What you will do — The range to repeat runs from the line with "Operator Speech vector" to the last line below, both ends included; give it exactly and without pictures.

Information supplied —
Content starts

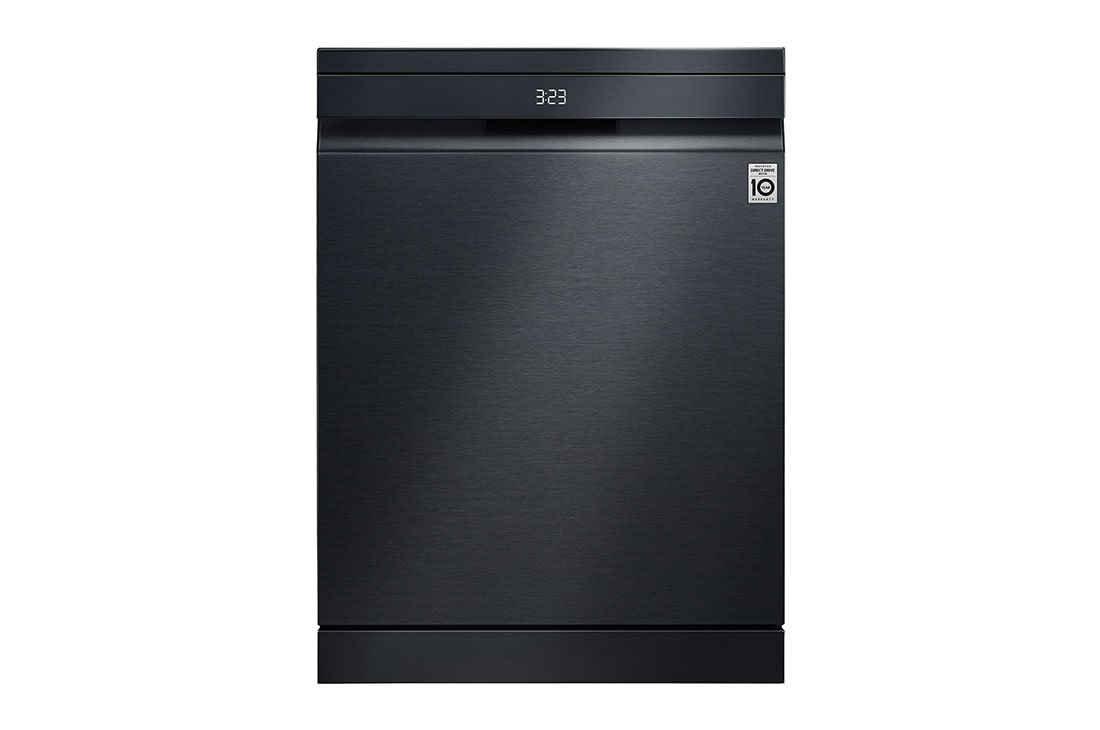 LG QuadWash? perilica posu?a s TrueSteam? tehnologijom pranja vodenom parom, vrata s automatskim otvaranjem, 14 kompleta posu?a, ThinQ? WiFi funkcija, front view, DF587HMS
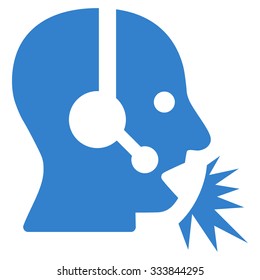 Operator Speech vector icon. Style is flat symbol, cobalt color, rounded angles, white background.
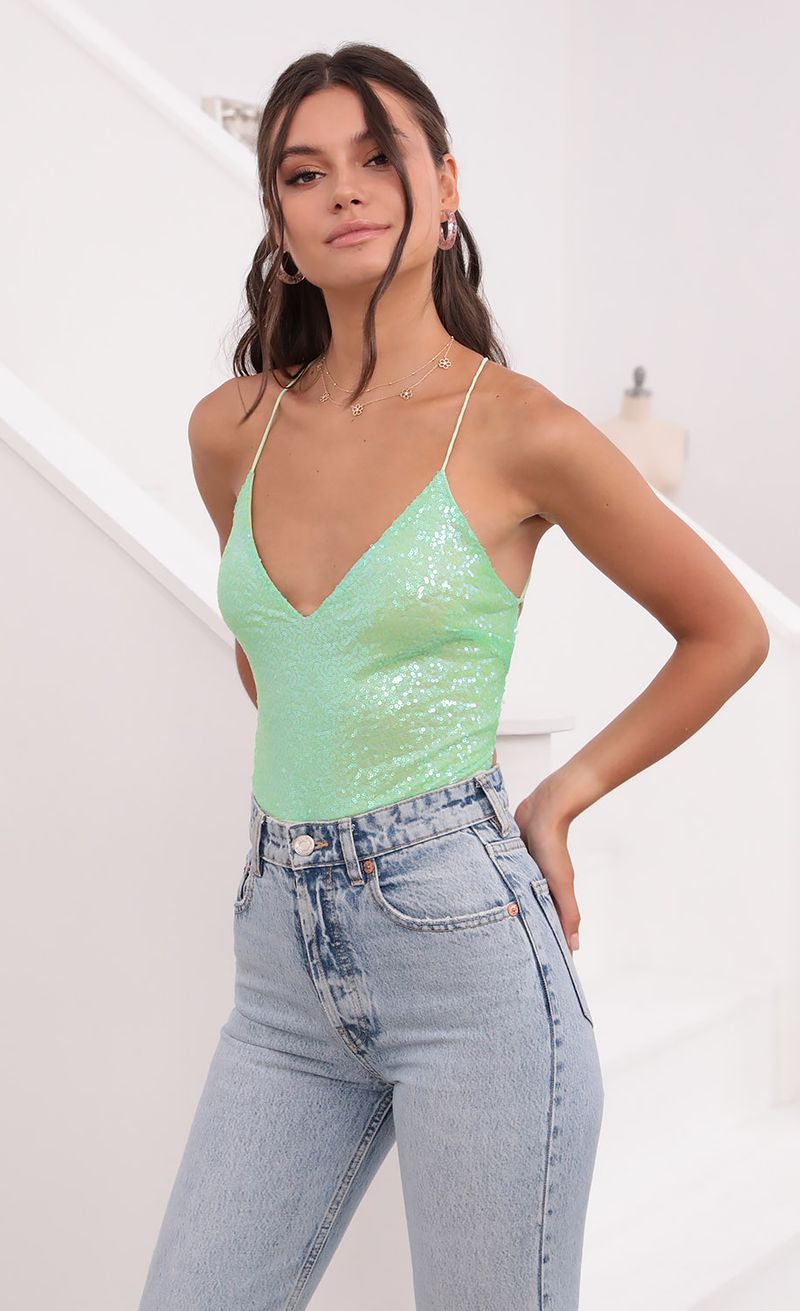 Picture Party Sequin Bodysuit in Lime Green. Source: https://media.lucyinthesky.com/data/Jun21_2/800xAUTO/1V9A0510.JPG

Content ends

Your response —
 Operator Speech vector icon. Style is flat symbol, cobalt color, rounded angles, white background.
 Picture Party Sequin Bodysuit in Lime Green. Source: https://media.lucyinthesky.com/data/Jun21_2/800xAUTO/1V9A0510.JPG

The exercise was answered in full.